Christian Hadinata dan Ade Chandra tampil sebagai pasangan ganda putra Indonesia yang mengawali dominasi gelar juara tersebut. Meski begitu, keduanya justru bukan yng berkontribusi paling banyak dalam urusan raihan gelar. Justru pasangan Tjun Tjun dan Johan Wahjudi yang berhasil mengoleksi total enam gelar juara yang sekaligus menegaskan keduanya menjadi peraih gelar terbanyak.

Sementara itu, meski sudah berhasil mengangkat trofi untuk pertama kali pada 1968, pebulutangkis putri Indonesia terhitung jarang menjadi juara All England. Setelah Minarni-Retno, Indonesia harus menunggu 11 tahun sebelum Verawaty dan Imelda Wiguna meraih gelar juara pada 1979. Di tahun tersebut, Imelda Wiguna menjadi juara di dua nomor sekaligus, yakni ganda putri dan ganda campuran.

Gelar ganda campuran yang diraih Imelda bersama Christian Hadinata itu pun menjadi yang pertama bagi Indonesia. Lalu, setelah menunggu cukup lama, Indonesia akhirnya baru bisa memiliki sang juara di nomor tunggal putri lewat kontribusi Susy Susanti. Pebulu tangkis yang juga peraih medali emas Olimpiade itu berhasil menjadi juara sebanyak empat kali dalam kurun waktu 1990-1994.

Namun, empat trofi itu juga menjadi empat trofi terakhir Indonesia di nomor tunggal putri hingga sekarang. Tak ada lagi yang menjadi penerus atau suksesor Susy Susanti di nomor tunggal putri, bahkan tak hanya di All England saja, nyaris di semua turnamen, belum ada yang mewarisi prestasi Susy.

Tak hanya di nomor tunggal putri saja Indonesia sulit meraih gelar juara, bahkan di nomor tunggal putra juga terjadi. Adalah Haryanto Arbi yang terakhir kali meraih gelar juara di nomor tunggal putra pada tahun 1994. Setelah itu, Indonesia harus rela melihat trofi melayang ke tangan para pebulu tangkis China, Denmark, Malaysia, bahkan India.

Bahkan, pebulutangkis tunggal putra andalan Indonesia Taufik Hidayat yang pernah meraih gelar juara Olimpiade 2004 dan juara dunia 2005, tak sekalipun meraih gelar juara di tanah Britania Raya. Sementara untuk nomor ganda campuran, pasangan Praveen Jordan-Debby Susanto berhasil meneruskan tradisi juara dari nomor ganda campuran setelah sebelumnya Tontowi Ahmad dan Liliyana Natsir menjadi juara tiga kali berturut-turut sejak 2012-2014.
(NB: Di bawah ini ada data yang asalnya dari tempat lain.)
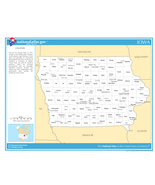 Iowa State Counties w/Cities Laminated Wall Map - £154.31 GBP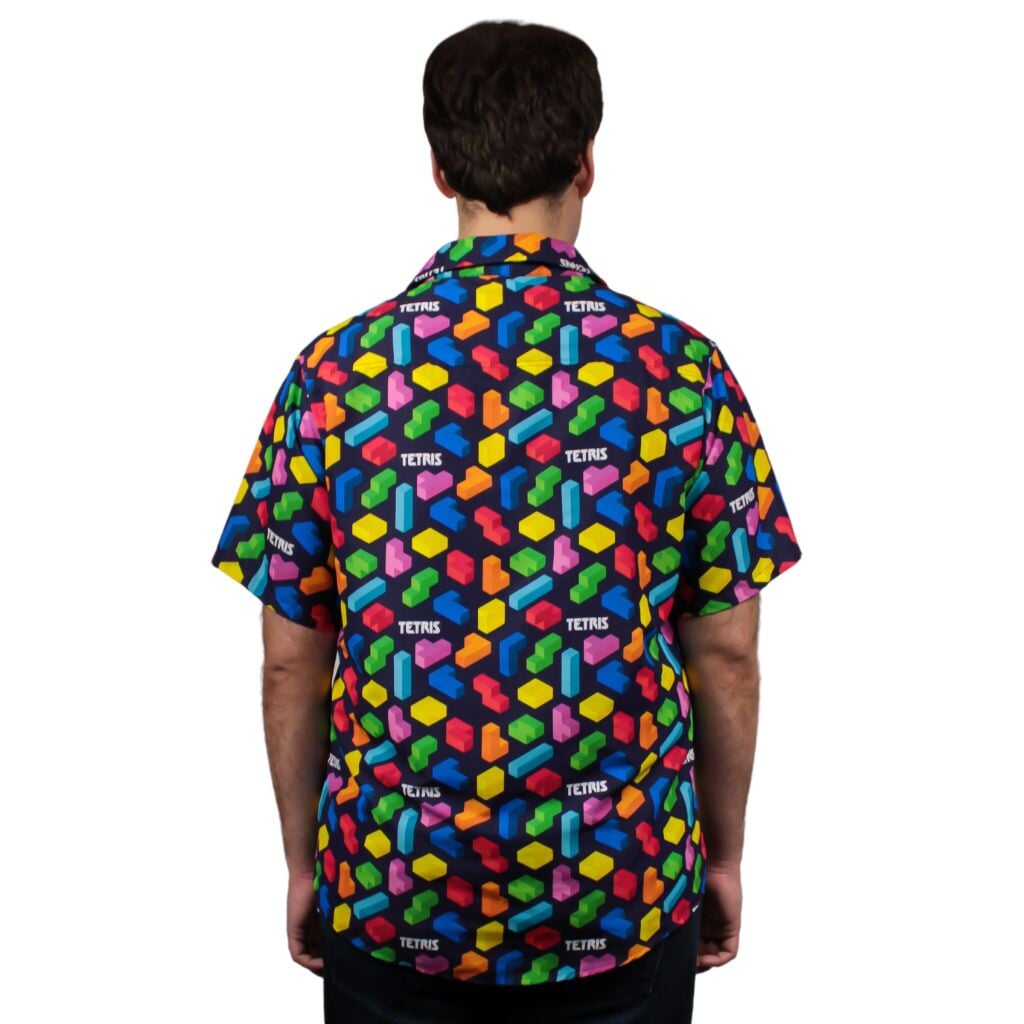 Tetris 3D Tetriminos Button Up Shirt - S - Hawaiian Shirt - No Pocket -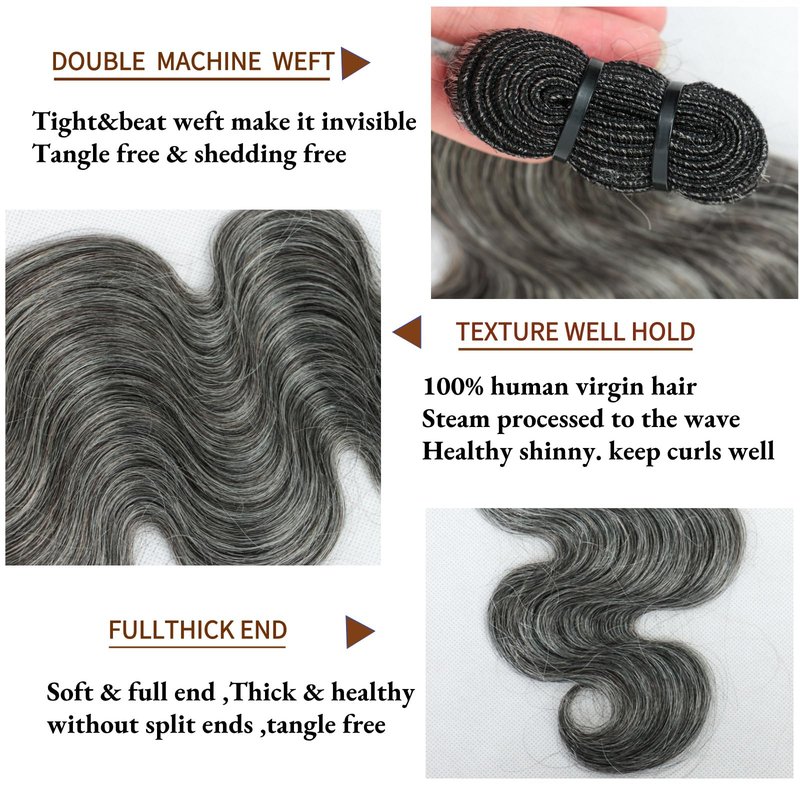 SIYUSI Salt and Pepper Body Wave Human Hair Bundles 12 Inch 1 Bundles Human Hair 100% Unprocessed 12A Brazilian Hair Weave Extensions Natural Gray-White Color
Menariknya, keberhasilan Tontowi-Liliyana pada 2012 tersebut berhasil memutus puasa gelar Indonesia di semua sektor yang terjadi selama delapan tahun. Sejak Sigit Budiarto dan Candra Wijaya menjadi juara ganda putra pada 2003, Indonesia sempat tidak mampu mengirim satu wakil pun yang menjadi juara. Meski saat itu Indonesia punya sosok Taufik Hidayat.

Di era sekarang, Indonesia sepertinya bertumpu pada pasangan ganda putra fenomenal Marcus Gideon/Kevin Sanjaya. Di pentas All England, Marcus/Kevin berhasil meraih total gelar juara secara beruntun yakni pada edisi 2017 dan 2018. di All England 2019 ini, Marcus/Kevin harus gugur lebih dulu di babak awal.

Berikut ini adalah daftar pebulutangkis asal Indonesia yang pernah meraih gelar All England:

Tunggal putra
Tan Joe Hok (1959) Rudy Hartono (1968-1974 dan 1976) Liem Swie King (1978, 1979, dan 1981) Ardy Wiranata (1991) Hariyanto Arbi (1993 dan 1994) Tunggal putri Susy Susanti (1990, 1991, 1993, dan 1994)

Ganda putra
Christian Hadinata-Ade Chandra (1972 dan 1973) Tjun Tjun-Johan Wahjudi (1974, 1975, 1977, 1978, 1979, 1980) Rudy Heryanto-Hariamanto Kartono (1981, 1984) Rudy Gunawan-Eddy Hartono (1992) Rudy Gunawan-Bambang Suprianto (1994) Rexy Mainaky-Ricky Subagja (1995, 1996) Tony Gunawan-Candra Wijaya (1999) Tony Gunawan-Halim haryanto (2001) Sigit Budiarto-Candra Wijaya (2003) Mohammad Ahsan-Hendra Setiawan (2014), Marcus Gideon/Kevin Sanjaya (2017, 2018)

Ganda putri
Minarni Sudaryanto-Retno Koestijah (1968) Verawaty-Imelda Wiguna (1979)

Ganda campuran
Minarni Sudaryanto-Retno Koestijah (1968) Verawaty-Imelda Wiguna (1979) Christian Hadinata-Imelda Wiguna (1979) Tontowi Ahmad-Liliyana Natsir (2012, 2013, 2014) Praveen Jordan-Debby Susanto (2016)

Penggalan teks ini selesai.